Can You Get Mortgage Rates Without a Hard Credit Pull?
KEY POINTS
- Many mortgage lenders require a hard credit check in order to give you personalized mortgage rate quotes.
- A hard credit pull can cause your FICO® Score to drop by a few points and it remains on your credit report for two years.
- Some lenders will let you check your rates without a hard credit pull, and this can be a valuable shopping tool.
Many mortgage lenders publish a table of their current rates on their website. But it's important to note that these are typically the bank's best interest rates at that moment in time -- they are not necessarily the rates you would get if you applied for a mortgage. In addition to your credit score, lenders also take your employment situation, your assets, your debt-to-income ratios, and other factors into consideration when determining your rate.
For this reason, when shopping around for a mortgage lender, it's important to know what interest rates you could get. However, checking your personalized mortgage rates typically involves agreeing to a credit check, which appears on your credit report and can have an adverse impact on your score.
On the other hand, some lenders -- particularly those focused on their digital experience -- allow you to check personalized rate quotes without a hard credit pull. Here's why avoiding a hard credit pull can be important, how to find lenders that offer it, and why shopping around for a mortgage rate is an important part of the process.
If you're shopping for a mortgage, click here to check out our updated list of the top mortgage lenders, some of which will allow you to check rates without a hard credit pull.
What is a hard credit pull?
In a nutshell, there are two ways lenders can pull your credit information for the purposes of prequalifying you for a loan. A hard credit check, or hard credit pull, can be thought of as a formal credit check.

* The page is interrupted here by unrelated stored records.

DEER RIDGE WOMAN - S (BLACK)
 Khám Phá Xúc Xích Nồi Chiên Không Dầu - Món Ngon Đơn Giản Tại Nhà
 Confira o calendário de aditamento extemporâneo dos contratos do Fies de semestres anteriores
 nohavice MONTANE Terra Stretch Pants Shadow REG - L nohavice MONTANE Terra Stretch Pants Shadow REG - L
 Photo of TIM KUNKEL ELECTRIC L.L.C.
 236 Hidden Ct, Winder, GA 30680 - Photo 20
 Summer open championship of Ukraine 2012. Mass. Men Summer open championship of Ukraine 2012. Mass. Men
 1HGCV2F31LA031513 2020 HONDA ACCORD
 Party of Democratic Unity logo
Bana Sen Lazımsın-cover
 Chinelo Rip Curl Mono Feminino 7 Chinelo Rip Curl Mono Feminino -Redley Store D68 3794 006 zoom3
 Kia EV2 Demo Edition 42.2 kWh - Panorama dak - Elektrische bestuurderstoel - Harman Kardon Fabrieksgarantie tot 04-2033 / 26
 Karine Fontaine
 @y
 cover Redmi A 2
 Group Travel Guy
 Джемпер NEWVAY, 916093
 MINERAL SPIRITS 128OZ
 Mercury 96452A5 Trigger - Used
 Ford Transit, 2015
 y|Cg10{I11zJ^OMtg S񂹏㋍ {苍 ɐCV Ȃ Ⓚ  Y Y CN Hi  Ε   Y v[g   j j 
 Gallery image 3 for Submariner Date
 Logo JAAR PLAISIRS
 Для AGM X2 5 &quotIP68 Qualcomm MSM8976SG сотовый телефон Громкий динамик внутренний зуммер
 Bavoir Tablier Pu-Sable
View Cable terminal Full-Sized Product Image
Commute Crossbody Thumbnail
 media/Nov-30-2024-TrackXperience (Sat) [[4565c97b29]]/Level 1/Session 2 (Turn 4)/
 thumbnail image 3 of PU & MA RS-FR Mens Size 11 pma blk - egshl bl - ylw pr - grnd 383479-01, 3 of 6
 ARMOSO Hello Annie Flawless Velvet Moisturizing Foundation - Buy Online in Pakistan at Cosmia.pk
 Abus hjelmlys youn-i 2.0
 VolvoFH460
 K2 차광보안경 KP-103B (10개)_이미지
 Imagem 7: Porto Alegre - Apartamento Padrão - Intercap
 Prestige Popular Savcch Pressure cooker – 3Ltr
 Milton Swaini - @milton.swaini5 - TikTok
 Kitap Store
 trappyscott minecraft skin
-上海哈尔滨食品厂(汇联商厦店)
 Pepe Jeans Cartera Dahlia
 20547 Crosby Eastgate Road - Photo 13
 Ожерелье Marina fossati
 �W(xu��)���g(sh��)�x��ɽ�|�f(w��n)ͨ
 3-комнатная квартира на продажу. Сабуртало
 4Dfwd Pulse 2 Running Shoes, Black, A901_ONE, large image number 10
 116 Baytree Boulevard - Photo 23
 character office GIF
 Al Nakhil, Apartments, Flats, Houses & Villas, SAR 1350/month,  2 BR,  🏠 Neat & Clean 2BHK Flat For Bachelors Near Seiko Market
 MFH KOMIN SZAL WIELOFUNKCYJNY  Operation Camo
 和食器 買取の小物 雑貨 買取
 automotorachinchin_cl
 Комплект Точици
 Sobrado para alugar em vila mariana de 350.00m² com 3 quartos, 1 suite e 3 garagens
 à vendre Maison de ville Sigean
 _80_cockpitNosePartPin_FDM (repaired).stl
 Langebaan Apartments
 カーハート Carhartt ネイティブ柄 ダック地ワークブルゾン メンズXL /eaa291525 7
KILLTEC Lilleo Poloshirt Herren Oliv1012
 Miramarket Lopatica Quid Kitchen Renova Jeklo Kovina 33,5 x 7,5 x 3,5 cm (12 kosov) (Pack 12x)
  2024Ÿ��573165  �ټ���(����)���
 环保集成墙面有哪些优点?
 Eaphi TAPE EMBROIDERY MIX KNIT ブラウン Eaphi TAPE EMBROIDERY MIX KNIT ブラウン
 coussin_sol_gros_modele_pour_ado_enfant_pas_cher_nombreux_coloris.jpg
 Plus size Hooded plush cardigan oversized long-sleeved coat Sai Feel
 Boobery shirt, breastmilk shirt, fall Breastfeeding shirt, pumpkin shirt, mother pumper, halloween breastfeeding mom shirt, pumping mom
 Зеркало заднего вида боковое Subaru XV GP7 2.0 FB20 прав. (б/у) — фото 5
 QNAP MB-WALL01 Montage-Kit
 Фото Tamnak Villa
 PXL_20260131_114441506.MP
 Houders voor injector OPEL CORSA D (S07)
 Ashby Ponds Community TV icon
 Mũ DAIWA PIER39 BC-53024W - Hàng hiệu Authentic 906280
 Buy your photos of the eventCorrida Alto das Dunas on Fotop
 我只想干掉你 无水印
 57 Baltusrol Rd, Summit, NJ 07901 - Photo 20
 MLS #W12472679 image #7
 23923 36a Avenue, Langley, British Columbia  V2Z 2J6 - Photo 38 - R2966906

On the other hand, a soft credit check can be thought of as a "sneak-and-peek" of your credit history. For example, a soft credit check is what potential creditors use to send you prequalified credit offers in the mail.
A hard credit pull shows up on your credit report, and stays there for two years. The FICO credit scoring formula has a category called "new credit" that makes up 10% of your credit score, and among other things, it considers credit inquiries you've made within the past 12 months, regardless of whether you actually opened a new credit account or not.
Can you check your mortgage rate offers without a hard credit pull?
The short answer is that it depends on the lender. Some mortgage lenders -- particularly the traditional ones like big banks -- will only give you personalized mortgage rate quotes after you fill out an extensive pre-approval application and agree to a hard credit check. On the other hand, some lenders, especially those that have a primarily online presence, will allow you to check your mortgage rates with a soft credit check.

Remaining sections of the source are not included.